Any minute now I’m going to start those ankle circles again and this time, on maybe the second or third one, something is gonna snap and suddenly my leg will fizzle in relief and come back to life.

As part of this multifaceted, uncomfortable time, I am finding that the internet — which has been my line for social interaction for most of my life — especially in times like these, doesn’t seen to really work for me anymore. The interactions I do have online nowadays are weak and hollow feeling when all is said and done, like a fancy dinner you drive away from in a fancy car, but it’s in exchange for your soul and your health which are far more valuable. My relatedness with technology and the internet tastes like cheap chemical candy once the bulk of it has melted in my mouth.
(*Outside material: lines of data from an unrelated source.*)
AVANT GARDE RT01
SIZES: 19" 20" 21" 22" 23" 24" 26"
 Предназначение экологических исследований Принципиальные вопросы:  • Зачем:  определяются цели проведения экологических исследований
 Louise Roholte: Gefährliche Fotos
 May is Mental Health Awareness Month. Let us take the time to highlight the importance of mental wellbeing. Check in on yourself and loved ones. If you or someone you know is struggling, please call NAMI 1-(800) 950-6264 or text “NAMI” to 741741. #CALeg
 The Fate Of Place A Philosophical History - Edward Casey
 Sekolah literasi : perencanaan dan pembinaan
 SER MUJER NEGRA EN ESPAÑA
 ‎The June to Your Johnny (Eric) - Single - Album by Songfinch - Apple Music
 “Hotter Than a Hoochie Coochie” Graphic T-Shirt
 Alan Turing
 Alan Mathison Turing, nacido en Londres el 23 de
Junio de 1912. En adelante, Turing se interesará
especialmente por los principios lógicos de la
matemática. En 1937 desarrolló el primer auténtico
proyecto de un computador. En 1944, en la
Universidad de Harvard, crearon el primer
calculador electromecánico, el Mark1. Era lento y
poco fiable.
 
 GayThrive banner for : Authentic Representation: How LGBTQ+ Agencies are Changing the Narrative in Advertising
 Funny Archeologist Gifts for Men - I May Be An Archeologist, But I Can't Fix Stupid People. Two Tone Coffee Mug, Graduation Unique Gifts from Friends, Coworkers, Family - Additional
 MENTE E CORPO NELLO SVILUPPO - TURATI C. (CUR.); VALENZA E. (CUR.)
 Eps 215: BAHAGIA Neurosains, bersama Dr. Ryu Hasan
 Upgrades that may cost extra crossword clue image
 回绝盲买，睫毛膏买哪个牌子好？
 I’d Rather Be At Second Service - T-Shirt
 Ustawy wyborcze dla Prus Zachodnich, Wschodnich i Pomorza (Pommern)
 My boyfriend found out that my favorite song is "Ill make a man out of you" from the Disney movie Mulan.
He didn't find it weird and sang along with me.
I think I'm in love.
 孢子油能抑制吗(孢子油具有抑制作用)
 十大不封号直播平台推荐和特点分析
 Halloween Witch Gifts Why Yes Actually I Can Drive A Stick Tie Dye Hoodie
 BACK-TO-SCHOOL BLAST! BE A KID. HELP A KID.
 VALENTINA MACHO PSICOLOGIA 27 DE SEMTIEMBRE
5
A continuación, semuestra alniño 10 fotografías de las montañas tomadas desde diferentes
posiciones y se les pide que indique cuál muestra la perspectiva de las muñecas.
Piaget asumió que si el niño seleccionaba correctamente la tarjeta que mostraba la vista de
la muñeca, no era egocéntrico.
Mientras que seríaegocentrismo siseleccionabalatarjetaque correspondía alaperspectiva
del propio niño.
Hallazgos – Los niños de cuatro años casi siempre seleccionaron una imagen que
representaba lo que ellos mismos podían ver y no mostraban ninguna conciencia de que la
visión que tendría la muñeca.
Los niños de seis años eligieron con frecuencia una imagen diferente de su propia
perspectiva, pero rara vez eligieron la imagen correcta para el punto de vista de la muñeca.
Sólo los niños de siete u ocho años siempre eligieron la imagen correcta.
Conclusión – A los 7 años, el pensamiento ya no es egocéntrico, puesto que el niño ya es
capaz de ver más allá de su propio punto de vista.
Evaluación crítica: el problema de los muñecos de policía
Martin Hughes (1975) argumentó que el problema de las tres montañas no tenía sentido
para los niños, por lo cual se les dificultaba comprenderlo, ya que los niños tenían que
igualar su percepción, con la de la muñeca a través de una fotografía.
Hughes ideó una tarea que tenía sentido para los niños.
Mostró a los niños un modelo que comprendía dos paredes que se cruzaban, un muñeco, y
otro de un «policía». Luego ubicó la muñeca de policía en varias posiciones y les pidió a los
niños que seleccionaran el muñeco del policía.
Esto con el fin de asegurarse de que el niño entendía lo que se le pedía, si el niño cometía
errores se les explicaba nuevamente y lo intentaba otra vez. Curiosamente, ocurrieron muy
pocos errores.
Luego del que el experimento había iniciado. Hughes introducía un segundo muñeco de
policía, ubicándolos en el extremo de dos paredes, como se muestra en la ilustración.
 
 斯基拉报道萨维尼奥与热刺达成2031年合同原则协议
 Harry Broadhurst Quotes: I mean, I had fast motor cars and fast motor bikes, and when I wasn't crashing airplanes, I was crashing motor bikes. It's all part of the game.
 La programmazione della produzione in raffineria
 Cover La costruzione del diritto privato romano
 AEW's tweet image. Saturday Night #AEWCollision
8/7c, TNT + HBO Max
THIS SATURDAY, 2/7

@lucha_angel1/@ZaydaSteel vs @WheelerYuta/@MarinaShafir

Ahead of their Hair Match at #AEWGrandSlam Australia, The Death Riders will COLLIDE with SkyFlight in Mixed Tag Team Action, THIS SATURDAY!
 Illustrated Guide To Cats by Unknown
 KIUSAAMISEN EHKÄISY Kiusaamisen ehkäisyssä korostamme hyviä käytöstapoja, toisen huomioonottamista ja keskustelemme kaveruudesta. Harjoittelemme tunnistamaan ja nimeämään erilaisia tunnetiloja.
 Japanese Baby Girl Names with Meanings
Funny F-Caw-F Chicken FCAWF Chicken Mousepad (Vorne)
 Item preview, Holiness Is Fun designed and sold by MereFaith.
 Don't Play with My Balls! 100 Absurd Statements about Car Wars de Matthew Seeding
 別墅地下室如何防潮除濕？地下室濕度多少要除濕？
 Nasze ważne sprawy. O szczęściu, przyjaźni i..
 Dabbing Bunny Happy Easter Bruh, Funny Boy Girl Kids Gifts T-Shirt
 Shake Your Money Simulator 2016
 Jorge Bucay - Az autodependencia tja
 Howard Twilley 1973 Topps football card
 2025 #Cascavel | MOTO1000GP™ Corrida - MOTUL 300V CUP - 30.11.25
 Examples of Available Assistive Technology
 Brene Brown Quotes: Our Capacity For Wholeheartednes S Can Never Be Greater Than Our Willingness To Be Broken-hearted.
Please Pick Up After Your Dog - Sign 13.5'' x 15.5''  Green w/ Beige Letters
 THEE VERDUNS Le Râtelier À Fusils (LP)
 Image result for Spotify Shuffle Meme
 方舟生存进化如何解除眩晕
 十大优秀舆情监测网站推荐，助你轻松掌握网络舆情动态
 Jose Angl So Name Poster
Which brings me to the other piece of my skewed anklebone puzzle; My anger, which I often focused through online tirades, isn’t working for me anymore, either.

And dammit, I fucking like my anger! I didn’t run an early 00’s “Courtnee’s Hate Mail” column on stileproject for fuckin nothing!

The upshot is that my perspective has deepened to the point that I am uable to blast that adolescent, fiery hate without being distracted by the tender underbelly and potential consequences of slashing at it. As such, I don’t rant like I used to, as often as I used to, and for Previous Me that was a major stress outlet for a long time (not to mention a source of endless amusement).

I think the best example of this movement in my life, at least the most shattering one, would be an experience I had recently where I met a celebrity that I had previously foam-mouthed ranted about online, in person.

Not only did I meet this person, who I never imagined I would meet, I met them in the context of my massage practice. They had come to me for healing and support.

In that moment that I received the email reservation request, I thought maybe my friends were fucking with me. Kinda wanted that to be the case, but, I think I knew it wasn’t. I began the process of soul searching to determine how I would respond to it, every shitty, petty, mean thing I had said in my rant neutralized — Simply at the thought of potentially interacting with them face to face, things I had written in a vacuum, things I actually believed and meant at the time, vanished.

It was then that I remembered the little uncertain voice that had been whispering at me while I was writing, the one that caused me to take the rant down a day later. The one that tells me that the way I historically harness and point my anger isn’t working anymore. The one that tells me I have to go back to work and level up, again.

*sigh* again.

And I knew that this person contacting me was no joke, and no accident. I knew that I needed to step into the opportunity to take responsibility for what I had said, why I had said it, and to approach this client with integrity. And I had about a half hour to figure out how I was going to do it.

When Amanda Palmer arrived, I said there was something we needed to talk through, and I told her that I needed her to know that I had said some pretty shitty things about her on the internet.

I explained that while I had had some true disagreements with her, what I said was bullshit. Mostly, it was uncalled for vitriol from all sorts of places in my life that I had projected onto her image as a celebrity – and that was why I had said the things I had said.

I confided that I needed for her to know that about me before I could be comfortable sharing an intimate energetic connection, such as having my hands all over her. And I said I was sorry. Because I was.

The response to my emotional risk was overwhelming. Tears, relief, and “I was supposed to meet you today” kind of overwhelming. The massage was magical, as was the massage I gave Neil after working on Amanda.

After they had left my massage studio, I checked out Amanda’s blog, to gain some kind of insight into why she thought meeting me that day was kismet. I was taken aback by how powerful the experience had been for me, and as someone who is generally on the other side of the coin, invoking transformations and shifts for others, I was interested in what made this situation uniquely mutually beneficial.

I found a lot of similarity and relatedness there.

This person had come to me from a very vulnerable, familiar place, and we had deeply connected. That would not have happened had I not had the courage and insight to risk myself, cop to having been an asshole, and opened myself to the possibility of rawly connecting with the real person who had presented to me, as the real person I also am.

The night before I met Amanda, I was falling asleep on my office floor to a flimsy cocktail of a few pills on top of champagne. I had just sold a painting and been taken to an amazing meal, yet I was on my floor crying, fantasizing that by some miraculous fluke the chemicals might align just right and I wouldn’t wake up.

Clearly, the universe had other plans.